Apple has relabeled the formerly “free” apps with the label “get,” which still allows consumers to download them but clarifies that they are not necessarily free for all functions and options.

Cisco Systems officials spent much of the past week quickly ramping up the company’s collaboration abilities. The company unveiled everything from a new mobile app designed to make it easier in these days of greater worker mobility for workers to meet to a new room-based TelePresence system that is powerful yet energy-efficient.

Cisco also partnered with carrier AT&T to bring a cloud-based collaboration service that gives business users an avenue for connecting with colleagues, partners or customers wherever they are and on whatever device they’re using.

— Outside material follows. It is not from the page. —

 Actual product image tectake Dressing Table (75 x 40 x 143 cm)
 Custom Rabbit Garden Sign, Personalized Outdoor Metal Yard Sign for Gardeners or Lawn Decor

IBM announced that it has patented the design for a data privacy engine that can help businesses protect personal data as it is transferred between countries, including across private clouds. The engine enables enterprises to aggregate international and organizational requirements for data transfers and apply them to individual projects. This allows organizations to see what restrictions have been put in place for different types of protected information when transferring it between two countries, including data stored in a private cloud.

The nation’s top security administrator recently told a congressional committee that China has been identified as a key international player that has the cyber power to take down the U.S. power grid section by section if it chooses to do so.

Admiral Michael S. Rogers, chief of the U.S. Cyber Command and Director of the National Security Agency, told committee members in testimony that hackers already have performed reconnaissance-type missions to determine how networks function and to find the weaknesses in them.